When asked what she thought was the secret of her success with 30 Minute Meals, she started talking about how she doesn’t have everything all chopped up perfectly in little bowls beforehand, nor does she have any assistance on-camera. She makes the whole meal in the time allowed, by herself, and because she’s not flawless or elegant or tidy or complicated, no one looks at her show and thinks, “…you know, I think I’ll just make spaghetti tonight.” They think (and this is a direct quote), “Wow, that’s a MESS! I can do THAT!” And that’s the appeal of Rachael Ray. No, she wasn’t professionally trained, yeah, she uses shortcuts instead of devoting hours to each meal. But she’s really good at showing us what we can do. She makes cooking unintimidating, so that maybe we discover a love of the kitchen, and we’re inspired to try harder recipes in the future. She’s the Harry Potter of the culinary world.
She’s also adorable, of course. I say that not to comment on her career path, but to have an excuse to tell you that at least half the men in the audience were looking at her with their heads tilted and big moony eyes….and that includes my “date.” Fabulous.
And that’s why I made Rachael’s very delicious Creamy “Grits” with Creole Shrimp for dinner the next night! I’m including the recipe here, but I got it from the 30 Minute Meals section at The Food Network. She calls for instant polenta instead of grits, but I couldn’t find that so I went ahead and used grits instead. They’re quite nice prepared with chicken stock and whole milk…just boil up 2 cups of stock and add the grits, then turn off the heat and add in a cup of milk. Yummo. Oh, great, now I’m saying it.

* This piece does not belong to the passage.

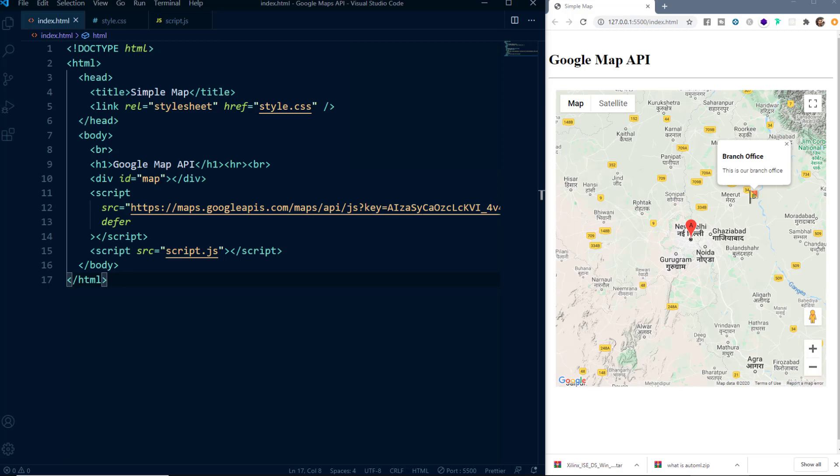Hello everyone! My name is Ashish and you are watching Anandarab Gai YouTube channel. In this video, we are going to learn about the Google Maps API. So without wasting any time, let's get started.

Creamy “Grits” with Creole Shrimp
2 tablespoons extra-virgin olive oil, 2 turns of the pan
3 tablespoons butter, divided
4 cloves garlic, finely chopped
1 medium onion, finely chopped
2 ribs celery with green leafy tops, finely chopped
1 small green bell pepper, seeded and finely chopped
4 to 5 sprigs fresh thyme, intact
1 bay leaf, fresh or dried
Salt and black pepper
1 tablespoon Worcestershire sauce, eyeball it
1 to 2 tablespoons plus 2 teaspoons hot sauce (recommended: Frank’s Red Hot), divided
2 tablespoons all-purpose flour
1/2 cup beer, 1/3 of a bottle
3 cups chicken stock, divided
1 (14-ounce) can diced tomatoes
1 cup chopped frozen okra, optional
1 1/2 pounds peeled, deveined medium to large shrimp, tails removed
1 cup whole milk
1 cup quick cooking (sometimes marked “instant”) polenta
Heat a large skillet over medium high heat. Add extra-virgin olive oil and 1 tablespoon butter. When butter melts into extra-virgin olive oil, add garlic, onions, celery, bell peppers, thyme, bay leaf then season with salt and pepper. Cook veggies 7 to 8 minutes until tender, add in the Worcestershire, 1 to 2 tablespoons hot sauce (medium to spicy heat level) and the flour and cook 1 minute more then add in beer and cook it off, another 30 seconds or so. Whisk in 1 cup of stock then add tomatoes and okra, if using, and bring to a bubble. Add shrimp and cook 3 to 5 minutes, until shrimp turn pink and firm then turn off heat. Remove thyme stems and bay leaf.
Bring remaining 2 tablespoons butter, 2 cups stock, 1 cup milk and 2 teaspoons hot sauce, to a boil in a sauce pot. Stir in 1 cup quick cooking polenta. Stir constantly to mass the cornmeal. Once the mixture thickens to the consistency of whipped potatoes, season the “grits” with salt and divide among dinner plates.
Serve generous ladles of shrimp and sauce on a bed of creamy “grits”.